- Opening Delimiter -

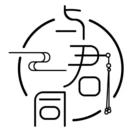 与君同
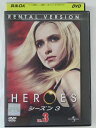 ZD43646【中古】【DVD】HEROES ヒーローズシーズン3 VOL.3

- Closing Delimiter -
- Opening Delimiter -

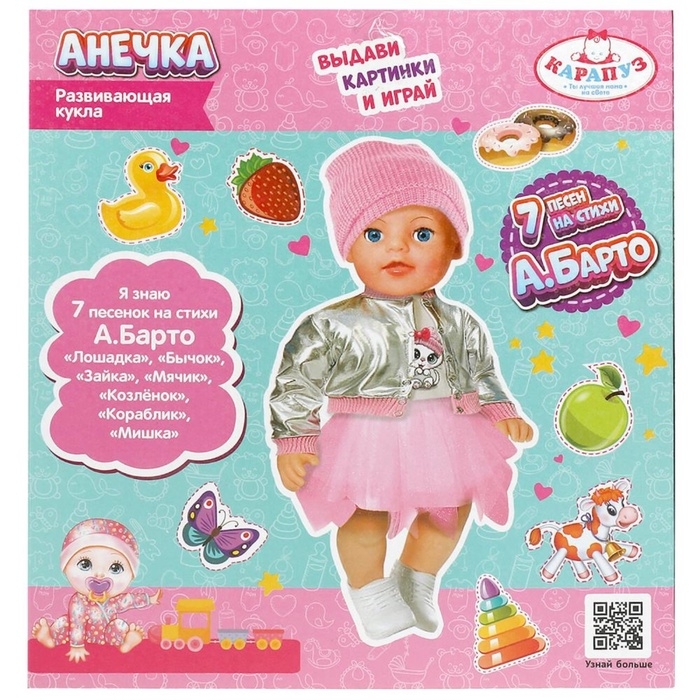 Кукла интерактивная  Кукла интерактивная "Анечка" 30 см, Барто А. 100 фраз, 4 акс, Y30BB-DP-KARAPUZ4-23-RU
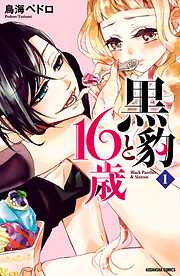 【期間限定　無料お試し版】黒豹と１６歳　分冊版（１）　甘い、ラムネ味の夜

- Closing Delimiter -
- Opening Delimiter -

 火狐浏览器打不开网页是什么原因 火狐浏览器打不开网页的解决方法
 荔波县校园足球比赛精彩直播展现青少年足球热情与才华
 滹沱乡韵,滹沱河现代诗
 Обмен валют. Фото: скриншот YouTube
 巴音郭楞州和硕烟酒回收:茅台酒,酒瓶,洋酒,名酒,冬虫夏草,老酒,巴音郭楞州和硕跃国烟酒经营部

- Closing Delimiter -

Would you print, exactly as written, every line above from the one holding "Обмен валют. Фото: скриншот YouTube" through the one holding "巴音郭楞州和硕烟酒回收:茅台", with both included and no other lines?

 Обмен валют. Фото: скриншот YouTube
 巴音郭楞州和硕烟酒回收:茅台酒,酒瓶,洋酒,名酒,冬虫夏草,老酒,巴音郭楞州和硕跃国烟酒经营部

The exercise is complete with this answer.